The successful party must seek to inform its constituency better on the proper conduct of the business of government. It is in this regard that the GOP has the advantage, but that advantage has been squantered by its opportunism once in office. Strongarm tactics used for party advantage rather than in fulfillment of a pledge to public service has tarnished whatever reputation the GOP might have had gained from its Contract With America, matters of term limits and its fresh approach to 'throwing the bums out'. That sentiment lies firmly with the Democrats, not because they have shown any brighter, bolder or more innovative ways and means to run government and get it to respond to the needs of the people, but because in the ways that ultimately mattered more, the Democrats appeared to be on the side of transparency whereas the Bush Administration seemed to cover up. In fact, both parties conduct their business in plain view of the public, but the one who can outwit the press and put the attention on dealings that can be roundly condemned will have the upper hand.

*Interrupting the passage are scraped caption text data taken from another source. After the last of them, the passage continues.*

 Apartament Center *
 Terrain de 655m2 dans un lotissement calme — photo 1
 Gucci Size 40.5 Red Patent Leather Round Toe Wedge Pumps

Most importantly, the Republicans need to take the Culture Wars in a new direction. At the moment, there is no way they cannot do so without putting a visible minority front and center. That is because the GOP needs the assistance of the major media in putting such issues in front of the people. Only by bringing issues of race, class and gender onto the front burner can Republicans overcome those stereotypes placed at their feet. The inevitable contradictions that will surface, whether they be obvious or of disengenuous faint praise, the boulder will begin rolling downhill. This augments the momentum initiated by what remains its own movement, the energy around Sarah Palin.
The Republican Party itself, in its various leadership councils needs to energize its various constituencies and establish an e pluribus unum around center-right priorities. Whenever the Republican Party can be stereotyped when it is convenient, the Left can rule the soundbites. When Ralph Reed ran the Christian Coalition, his role within the Big Tent was clear and had to be dealt with separately. These days, the coalitions have become ill-defined for their general support of the Bush agenda in various ways. So all Republicans had to be vaguely supportive of Bush, of the War, of pro-Life issues, of Second Amendment rights, against illegal immigration etc. The Republican Party needs individuals out front on each of these issues which appeal broadly to the Right without everyone being responsible for everything. This makes a robust Republican party which handles its own differences better and provides a variety of intelligent dissents which cannot be stereotyped.
That's what I see.
See also Posner.
...In the Republican Party these fall into three main groups: believers in (1) free markets, low taxes, and small government; (2) believers in tough criminal laws and a strong foreign policy; and (3) social (mainly religious) conservatives, who are hostile to abortion, gay marriage, pornography, and gun control. Groups (2) and (3) converge on hostility to illegal immigrants. Groups (1) and (2) are in some tension because a national security state requires big government and therefore high taxes. Group (1) is in tension with (3) because (1) is libertarian and (3) is regulatory.